This bulletin provides information (England only) on local

authorities' activities under the homelessness provisions of the 1996

Housing Act and a small number of residual cases under the 1985 Act.

Decisions taken under the homelessness legislation

In the quarter ending June 2000 local authorities made a total of

61,800 decisions on applications for housing from households eligible

under the homelessness provisions of the 1985 and 1996 Housing Acts.

This is some 1,890 (3 per cent) less than in the first quarter of

2000 (63,690). It is usual for the number of decisions taken to

decrease between the first and second quarter of the same year.
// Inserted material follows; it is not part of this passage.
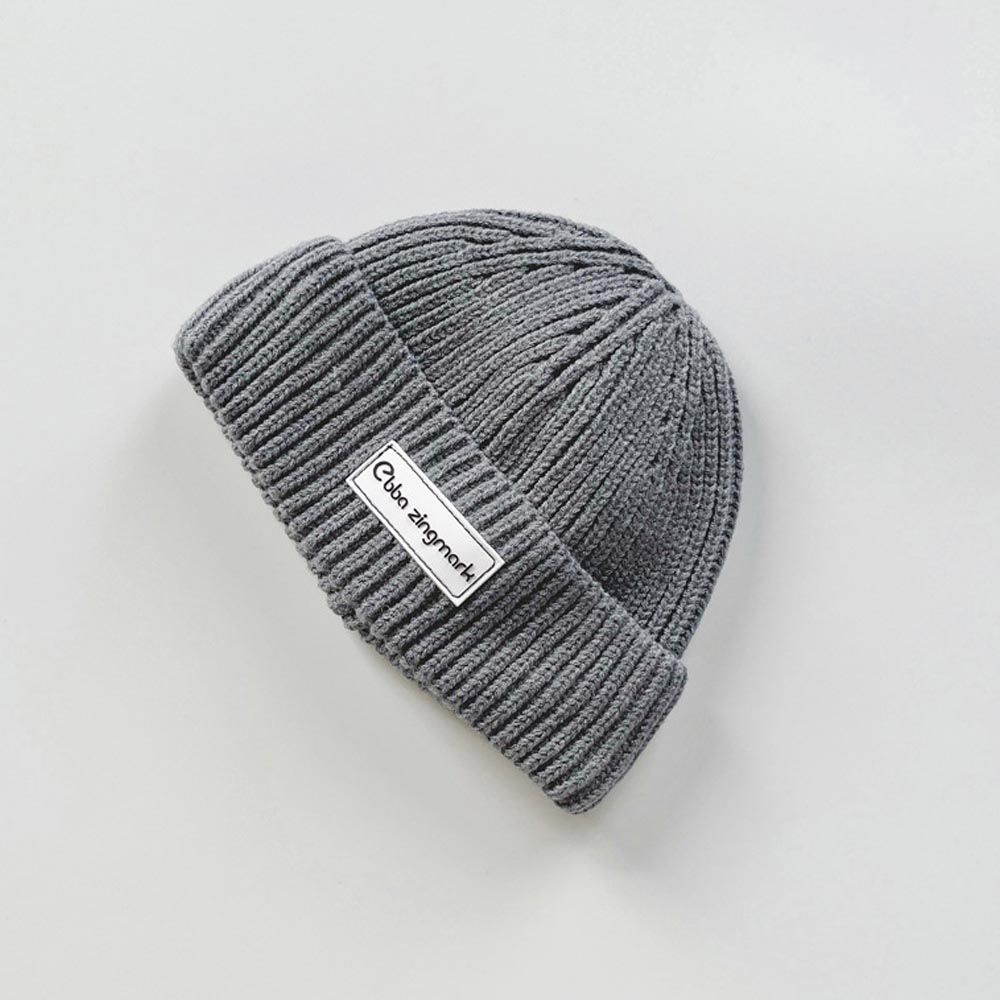 素色針織毛帽-小標籤-灰色 (46-51CM)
The

decrease this year is less than in 1999 when there was a fall of

approximately 5 per cent.

Homeless acceptances

In the June quarter of 2000, local authorities accepted some 27,330

households as meeting the statutory criteria of homeless,

unintentionally homeless and falling within a priority need group,

under the homelessness provisions of the 1985 and 1996 Housing Acts.

This is a decrease of some 370 (1 per cent) on the previous quarter

(27,700), but is 1,490 (6 per cent) higher than the total number in

the corresponding quarter of 1999.

As with decisions taken, it is usual for the number of acceptances

taken to decrease between the first and second quarters. At 1 per

cent, the decrease in the second quarter of 2000 is less than the

corresponding fall in 1999 (4 per cent) and 1998 (7 per cent).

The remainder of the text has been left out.